Clicking into Science
"Who has read Jeff Jarvis's new book?" This is the kind of question that opens the discussion in many seminars. But this approach doesn't really work at a well-attended lecture. To make contact with his audience and get their full attention the lecturer has to resort to different means. For example Audience Response Systems (ARS): small, practical devices with which TV audiences are already well acquainted – thanks to Günther Jauch's quiz show "Wer wird Millionär?"
"Clickers" are remote control devices. They have barely been used at universities so far, but now Prof. Dr. Axel Hahn, a business engineering expert, has introduced them at the University of Oldenburg. The advantages: the students can answer questions anonymously with the clicker. The technology then processes and presents the "survey results" as a diagram so that the lecturer can use them instantly. But the devices have other applications beyond the question-answer game. Students can also use them for instance to have their say on whether a certain subject matter should be explained with another example, or whether the pace of the lecture is too fast or too slow.

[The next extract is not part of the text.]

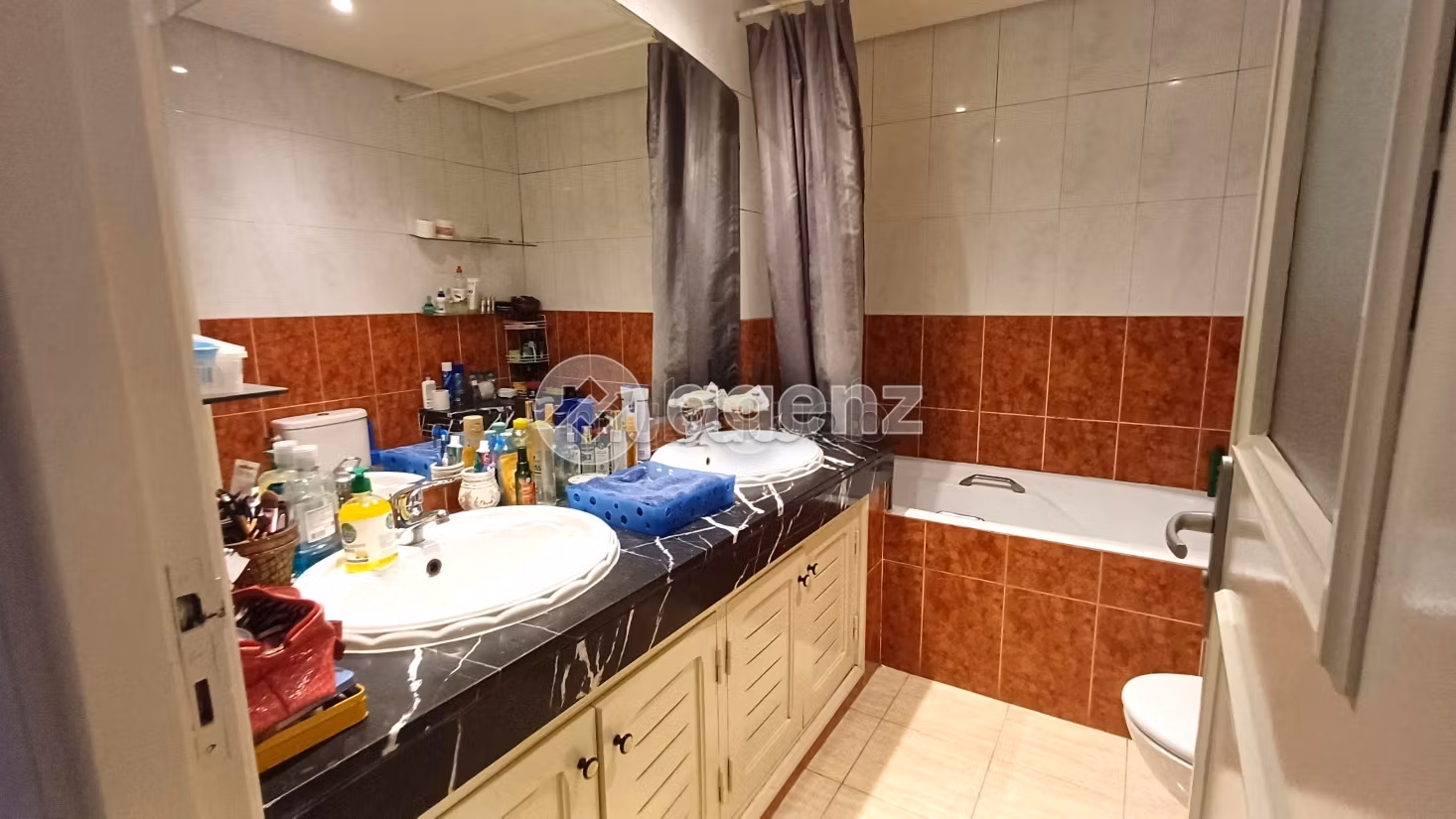 Piso en venta en Oulfa. Superficie de 144 m². Con garaje y ascensor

"Whereas in the past eLearning created a distance between lecturers and students, the clickers are a good example of how communication can be improved in classic lectures," notes Prof. Dr. Gunilla Budde, Vice President for Instruction.

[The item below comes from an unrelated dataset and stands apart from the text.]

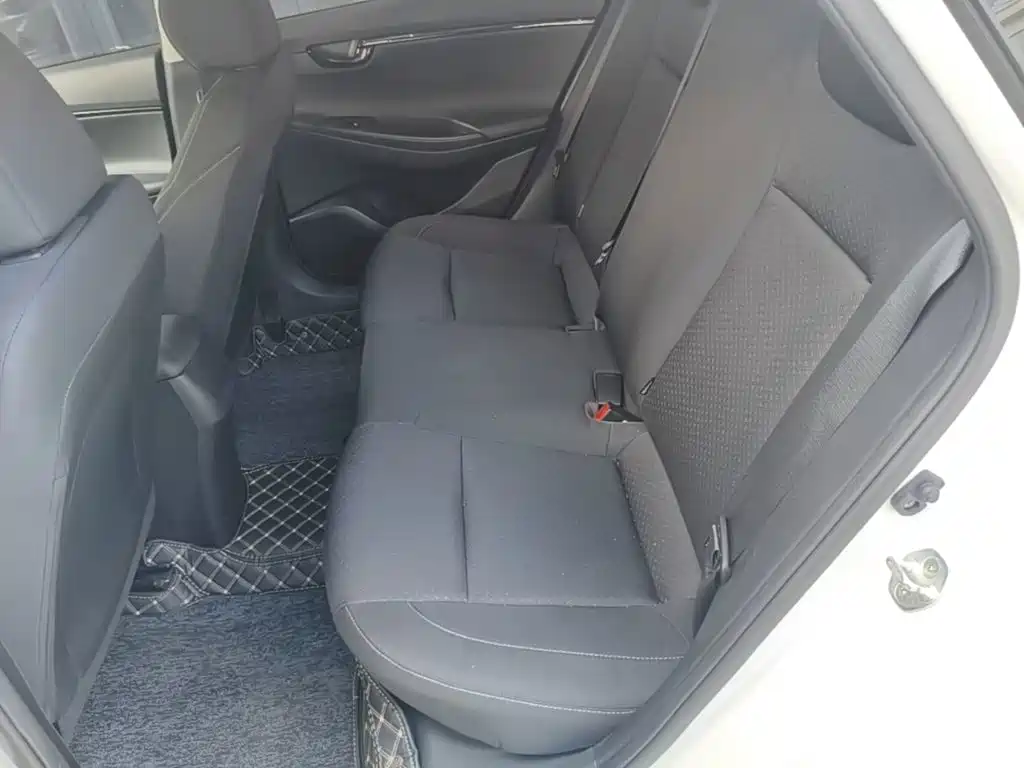 Hyundai Elantra — миниатюра 17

"Using the clickers, a lecture can be better adapted to students' needs. And any lecturer can use the device," Hahn is also convinced. He has introduced the devices into the Lower Saxony Network for E-Assessment and E-Exams (Niedersächsisches Netzwerk für E-Assessments & E-Prüfungen - N2E2), a project financed by the state of Lower Saxony and the University of Oldenburg, partially with tuition fees. "The team working on the project was surprised by the intense interest it generated among lecturers. The first experiences with the devices were so positive that the various faculties are now purchasing new devices. The ones already available are in constant use." New areas of application have already been envisaged within the N2E2 project, according to Hahn. "The ideas range from educational games to electronic exams."